O futebol argentino, sabemos, respira fora da sua bolha. Isso fica muito claro neste dia 24 de março, uma data cinza e que os vizinhos gostariam de esquecer. Mas, pelo bem das gerações futuras, fazem questão de lembrar. Esta quarta-feira marca os 45 anos do golpe militar que instaurou no país uma ditadura cruel e que deixou cicatrizes na alma. Os clubes, usando a sua força de mobilização, se engajaram e engrossaram o coro de "Nunca más" que corre a Argentina inteira. River Plate e Boca Juniors, por exemplo, deixaram a rivalidade de lado e anunciaram juntos a campanha para convocar parentes de associados e associadas desaparecidos no regime militar, para que resgatem nos dois clubes seus títulos de sócios.
O Racing também aderiu a campanha e, em uma postagem em sua redes sociais, convocou familiares de sócios e torcedores mortos pela ditadura. Em sua nota, o clube diz seguir movimento já feito por outros clubes, citando o pequeno Ferro Carril Oeste e o Banfield, pioneiros no futebol nesta frente pela memória das vítimas. Em outubro de 2019, o Banfield restituiu a condição de sócios de 11 desaparecidos e entregou a familiares carnês semelhantes ao que tinham nos anos 1970, quando foram sumidos pelo regime.

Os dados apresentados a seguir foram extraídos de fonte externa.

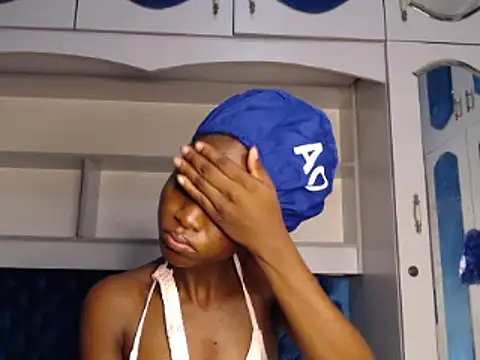 Snapshot of YoungDiva69 chatting on March 2025 12:15:02 AM YoungDiva69 online show from March 2025 12:15:02 AM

Um mês depois, o Ferro Carril fez o mesmo e avançou, ao inaugurar na calçada do seu estádio uma placa de azulejos com os nomes de 16 sócios, todos jovens estudantes, que desapareceram durante a ditadura. Ali, também foi instala um painel com as fotos deles. Em fevereiro deste ano, vândalos pintaram sobre as imagens a frase "Perdón, Videla", em alusão ao general que governou o país no primeiro período da ditadura, entre 1976 e 1981 (ela se estendeu ainda por mais dois anos). O clube, em um ato com a presença dos familiares, recolocou as fotos e revitalizou o memorial.
O Argentinos Jrs., clube em que Maradona começou a jogar, foi outro que lançou seu projeto para manter a memória dos desaparecidos. O clube entregou a familiares de sete desaparecidos seus títulos de associados. Neste dia cinza, a adesão dessas quatro camisas pesadas engrossou ainda mais o grupo de clubes engajados. Antes, também haviam aderido a onda reparatória Estudiantes-LP, Rosario e San Lorenzo. Mais do que homenagear as vítimas da ditadura, os clubes fazem o bem de lembrar que esse período de trevas nunca mais deva voltar.
Conforme levantamento de organizações de direitos humanos, mais de 30 mil pessoas desapareceram nos sete anos de ditadura na Argentina.